> [Exercise goal]
Output the entries exactly. Start at the first line, finish with the line containing "RedWingsLive Postgame - 12/1/13", and omit the pictures.

> [Input]
=== Section Start ===

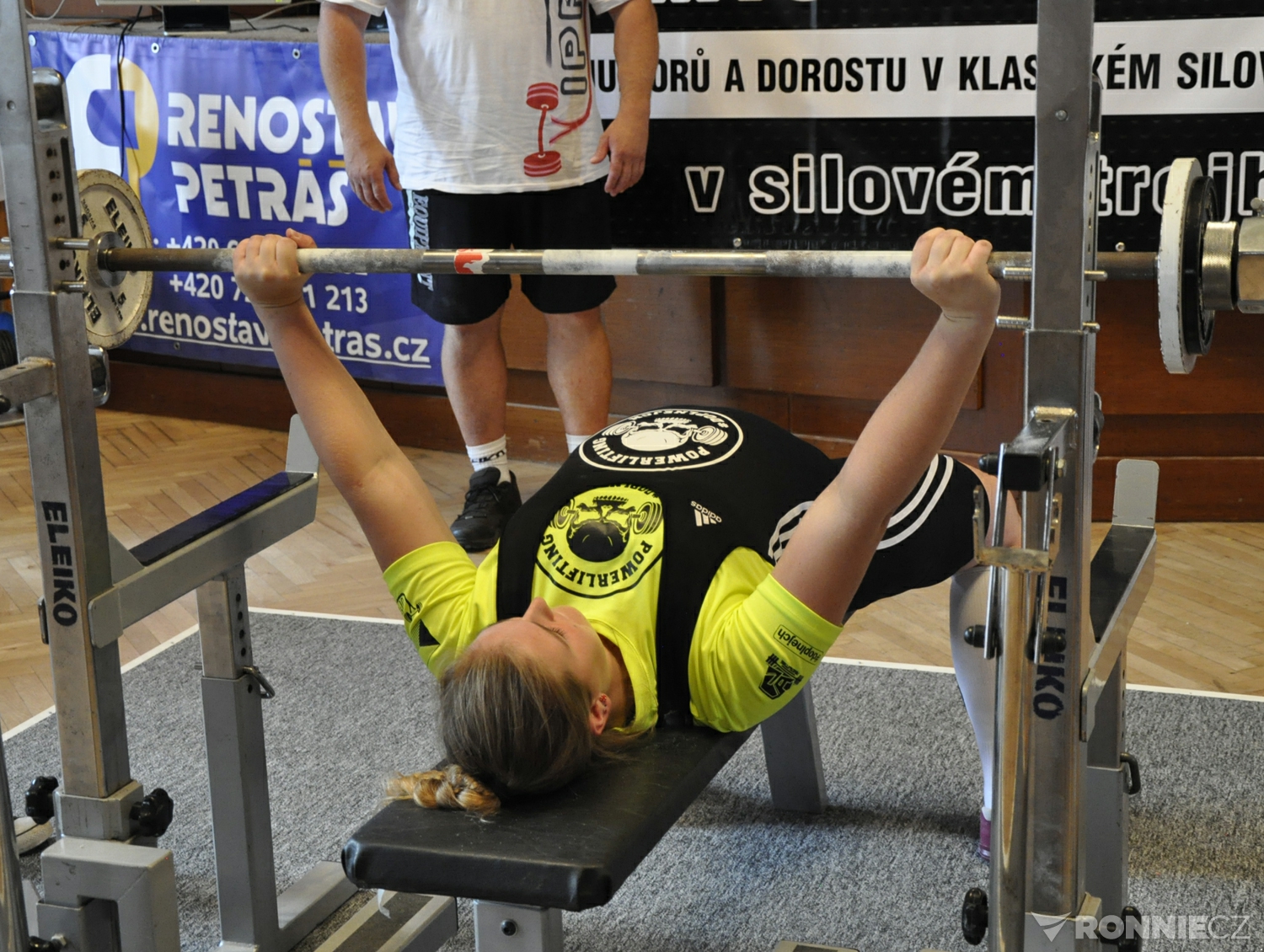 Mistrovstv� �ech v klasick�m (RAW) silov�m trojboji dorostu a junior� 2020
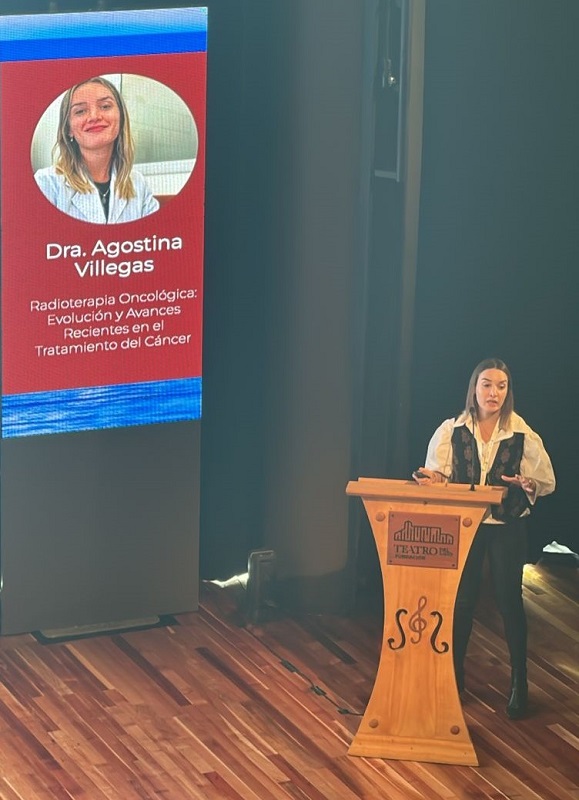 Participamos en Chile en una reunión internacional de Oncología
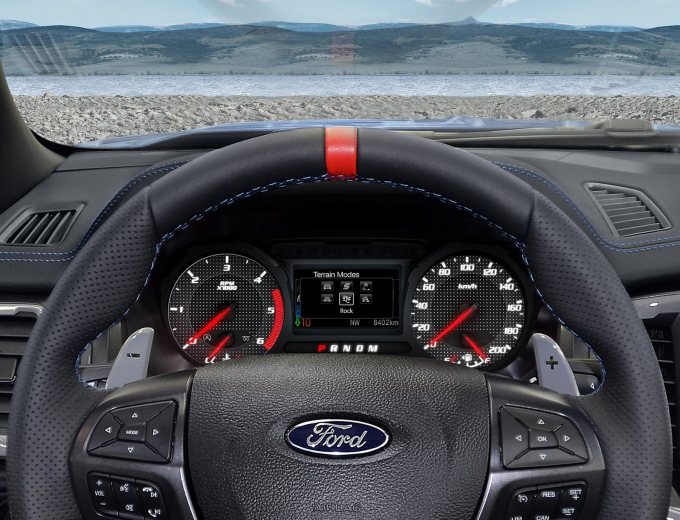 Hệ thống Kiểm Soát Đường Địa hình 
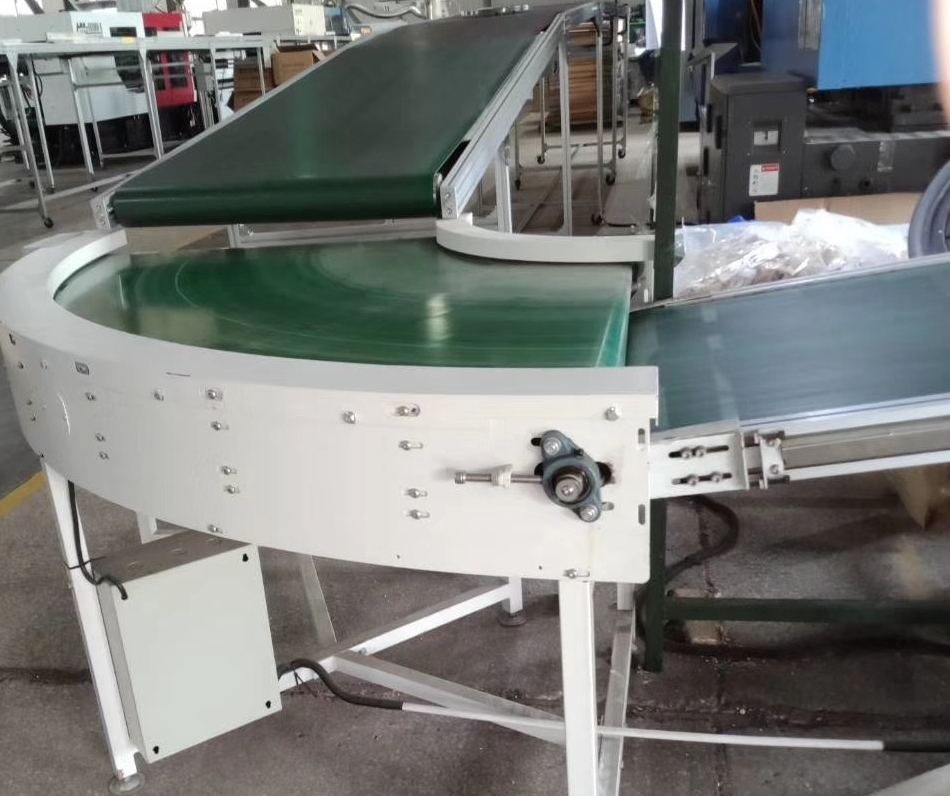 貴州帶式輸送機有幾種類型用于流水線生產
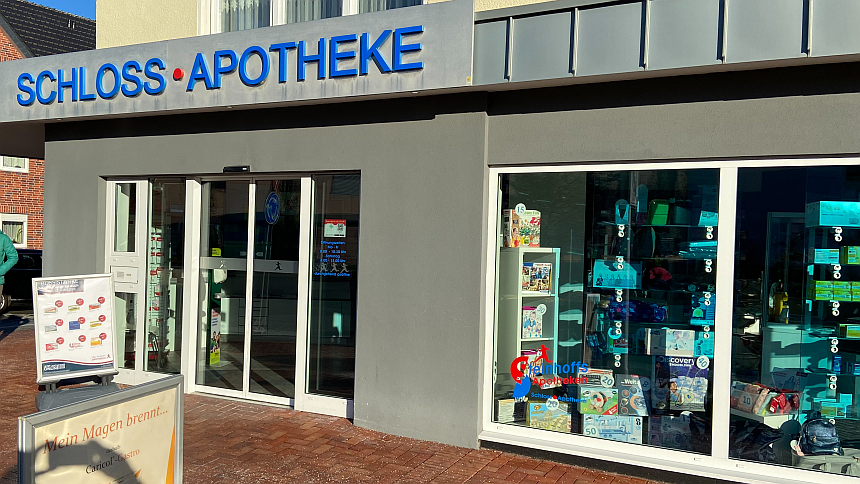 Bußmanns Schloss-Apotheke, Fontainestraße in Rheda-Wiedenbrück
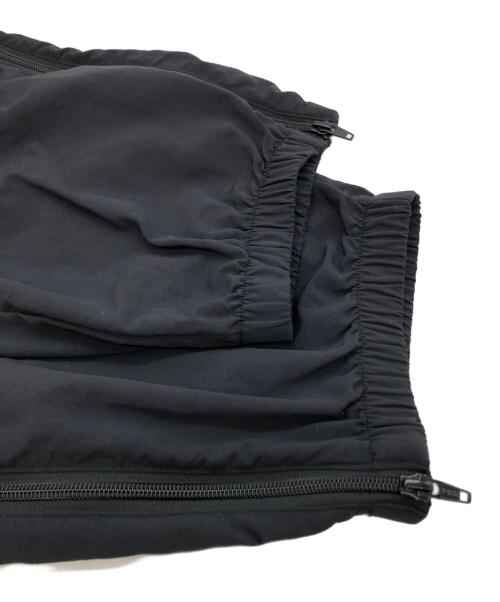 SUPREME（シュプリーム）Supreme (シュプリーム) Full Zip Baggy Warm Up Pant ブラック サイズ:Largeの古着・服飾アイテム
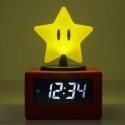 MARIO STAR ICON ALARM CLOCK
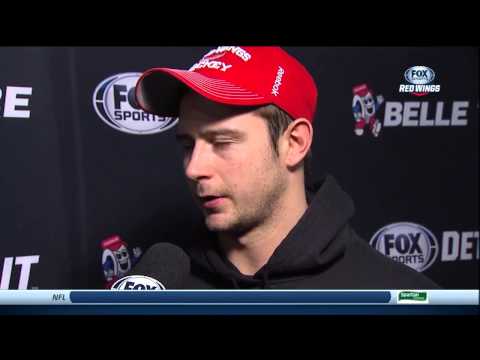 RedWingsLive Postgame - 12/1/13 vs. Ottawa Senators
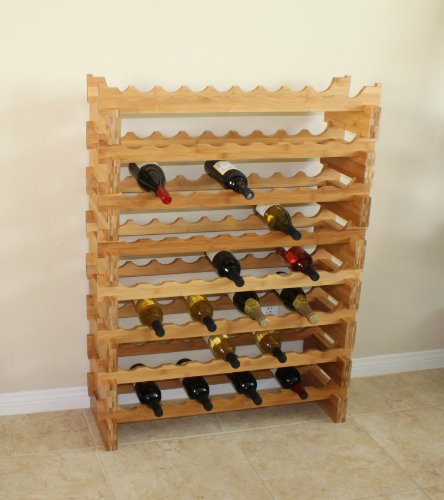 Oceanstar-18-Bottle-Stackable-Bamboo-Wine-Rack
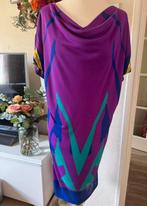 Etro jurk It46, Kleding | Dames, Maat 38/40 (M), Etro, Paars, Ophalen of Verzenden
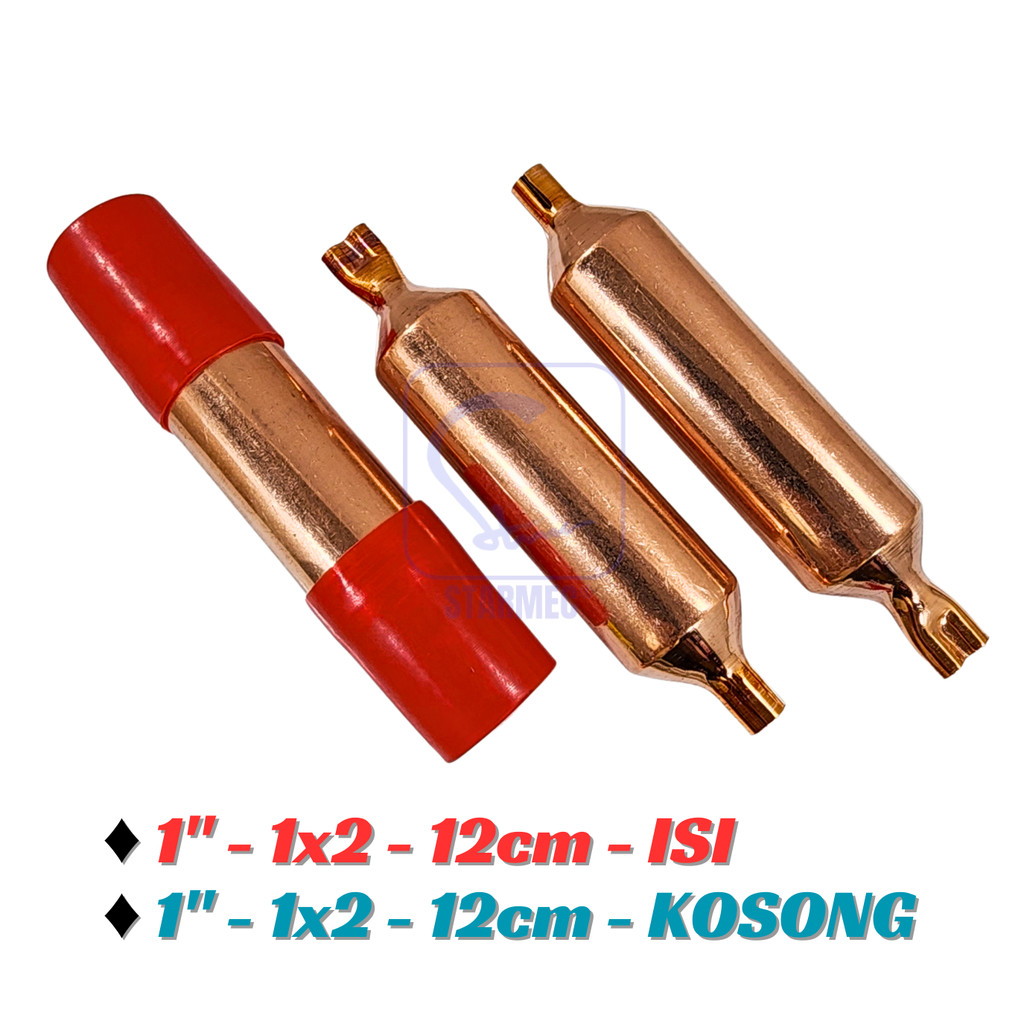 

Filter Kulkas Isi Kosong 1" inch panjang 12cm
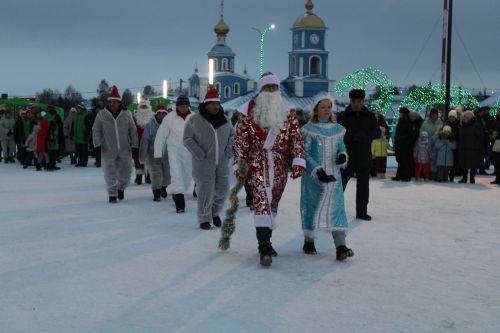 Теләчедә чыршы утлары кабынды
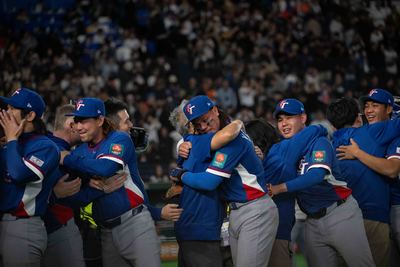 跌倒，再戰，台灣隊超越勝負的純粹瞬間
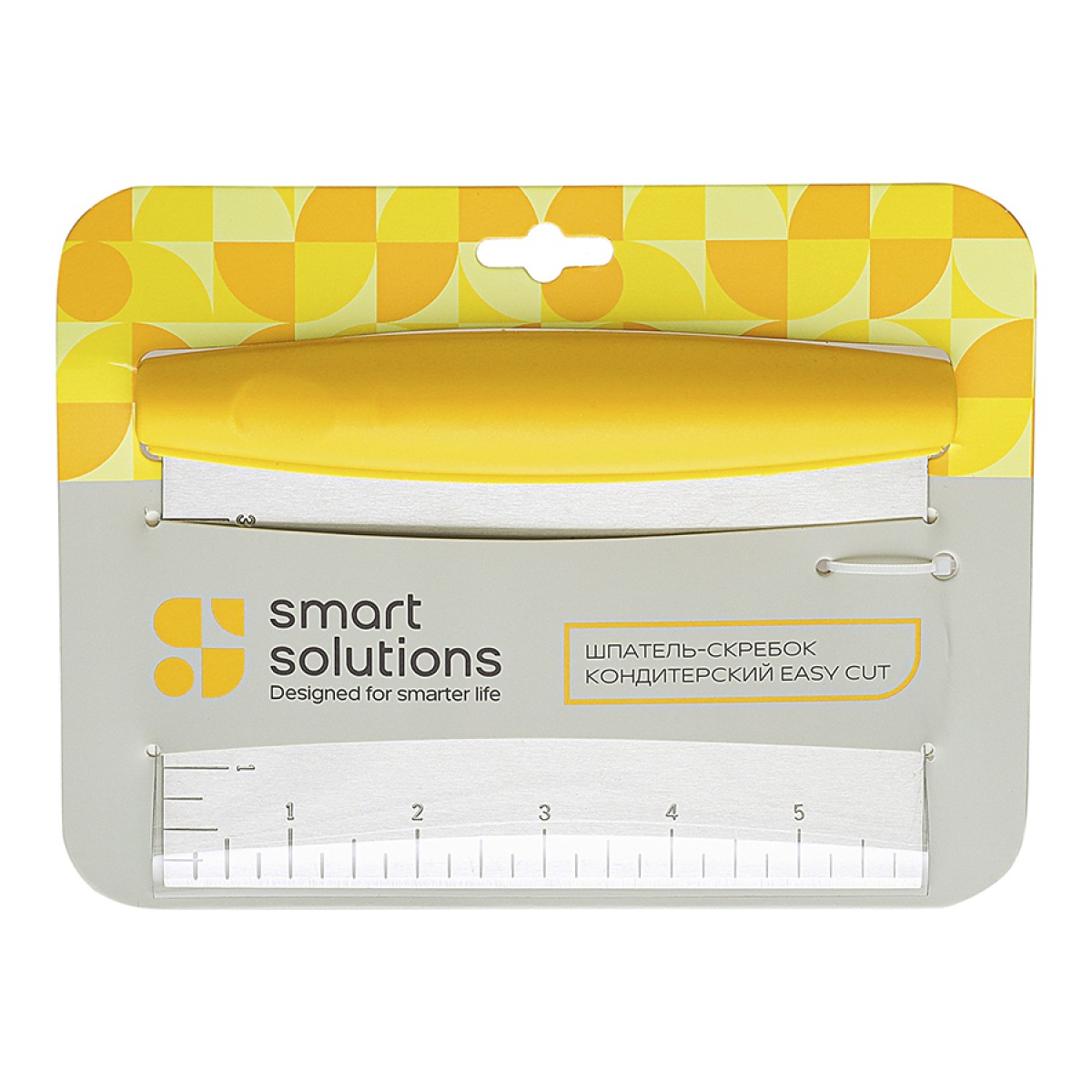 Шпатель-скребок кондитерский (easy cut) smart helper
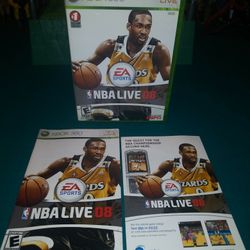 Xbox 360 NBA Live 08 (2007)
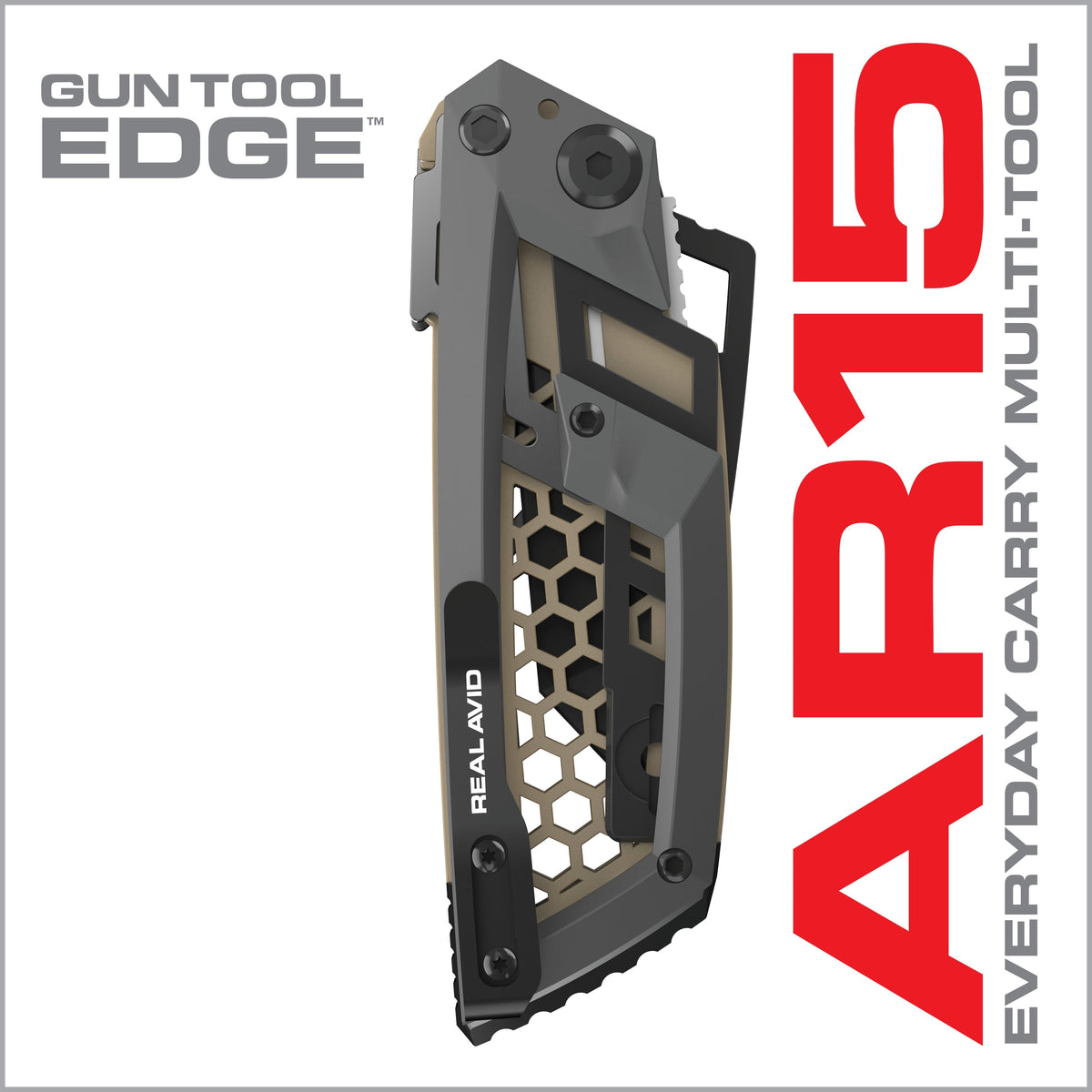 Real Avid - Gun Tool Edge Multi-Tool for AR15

=== Section End ===

> [Exercise output]
 Mistrovstv� �ech v klasick�m (RAW) silov�m trojboji dorostu a junior� 2020
 Participamos en Chile en una reunión internacional de Oncología
 Hệ thống Kiểm Soát Đường Địa hình 
 貴州帶式輸送機有幾種類型用于流水線生產
 Bußmanns Schloss-Apotheke, Fontainestraße in Rheda-Wiedenbrück
 SUPREME（シュプリーム）Supreme (シュプリーム) Full Zip Baggy Warm Up Pant ブラック サイズ:Largeの古着・服飾アイテム
 MARIO STAR ICON ALARM CLOCK
 RedWingsLive Postgame - 12/1/13 vs. Ottawa Senators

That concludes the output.